上記の通りユーザビリティを向上・改善するにはシンプルな商品設計やページ構造、すなわちUIの見直しがポイントとなってきます。

つまり目視して重要な部分だけをピックアップし、残りの装飾などはできる限り排除するとユーザーは考え込むことなく操作することができ、その結果ストレスなく目標を達成できるというわけです。

例えばフォームページにリンクを一切置かないのはユーザーに他のことを考えさせないための施策のひとつで、わかりやすさを考慮して様々な注釈や参考ページなどのテキストリンクを置いてしまうと逆に手が止まって考え込んでしまったり、離脱の原因を自ら作ってしまっているようなものです。

もちろんブランディングのためのデザイン性も重要ですが、うまく棲み分けて誰もが使いやすいUIを念頭にページを構築し、シンプルながらも見せるところと読ませる箇所を区別してごちゃごちゃした印象を避け、視線の動きなども考慮した上で無駄を省きます。
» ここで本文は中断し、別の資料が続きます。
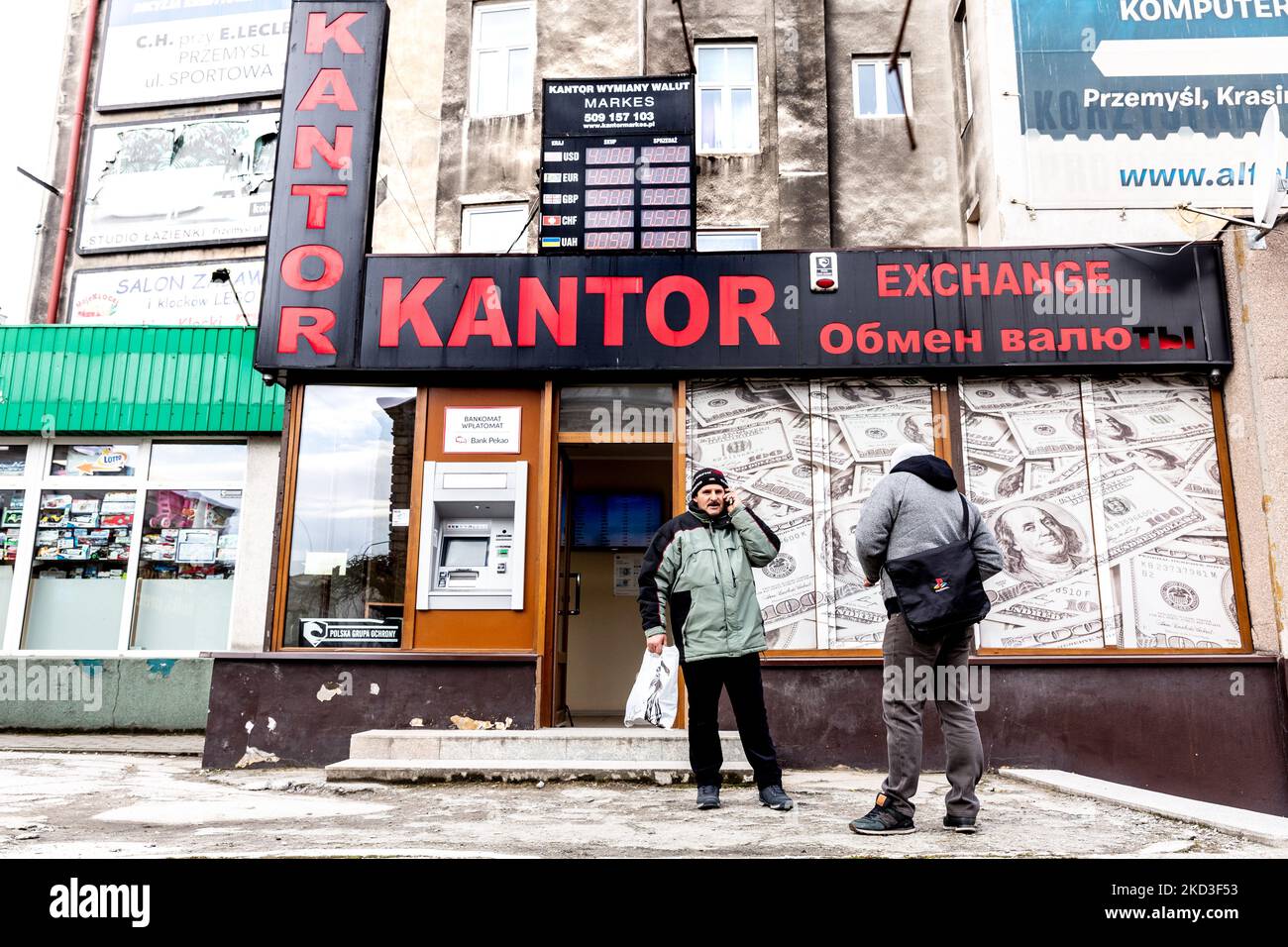 Men stand in front of an exchange office as prices Ukrainian Hryvna were priced unfavourably after Russia invaded neighbouring Ukraine - Przemysl, Poland on February 25, 2022. As the Russian Federation army crossed Ukrainian borders the conflict between Ukraine and Russian is expected to force up 5 million Ukrainians to flee. Most of refugees will seek asylum in Poland. Most escapees arrived to border towns like Przemysl and relocate to inner cities. (Photo by Dominika Zarzycka/NurPhoto) Stock Photo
そうすることで何の問題もなく目標となるゴールまでスムーズに辿り着くことができ(Webページの場合だとコンバージョンなどが挙げられます。)、使いやすさ・利便性の向上、さらに満足度としての評価も高くなり、結果ユーザビリティが高いサイトということになるはずです。

この辺りに関してはヒートマップなどを参考にユーザー行動を可視化して確認してみると良いでしょう。どこまでスクロールしたのかもわかるので、離脱の原因がわかるかもしれません。

まとめ

今回は主に“使いやすさ”や“利便性”を意味する“ユーザビリティ”について意味や改善方法、UIやUXとの違いについて詳しくご説明しました。

このようにユーザビリティは単純に“使いやすさ”以外にも様々な意味があり、Webページだけでなく物やサービスを通じて効率の良さや目標を達成した際に感じられる満足度の度合い、さらにユーザビリティを研究する第一人者として知られる“ヤコブ・ニールセン”博士による定義も若干異なります。

しかし言わんとすることは同等の内容であって理解しやすく効率も良く、さらに満足度も高く目標を達成できる利便性や度合いを指し、少しでもユーザーにとって理解しやすい内容に改修することが大切です。

そのため、ユーザビリティの改善には終わりがなく、定期的にユーザーの行動をチェックしてバージョンアップし、少しでも多くの方にアクセスしやすいサイト構成を目指しましょう。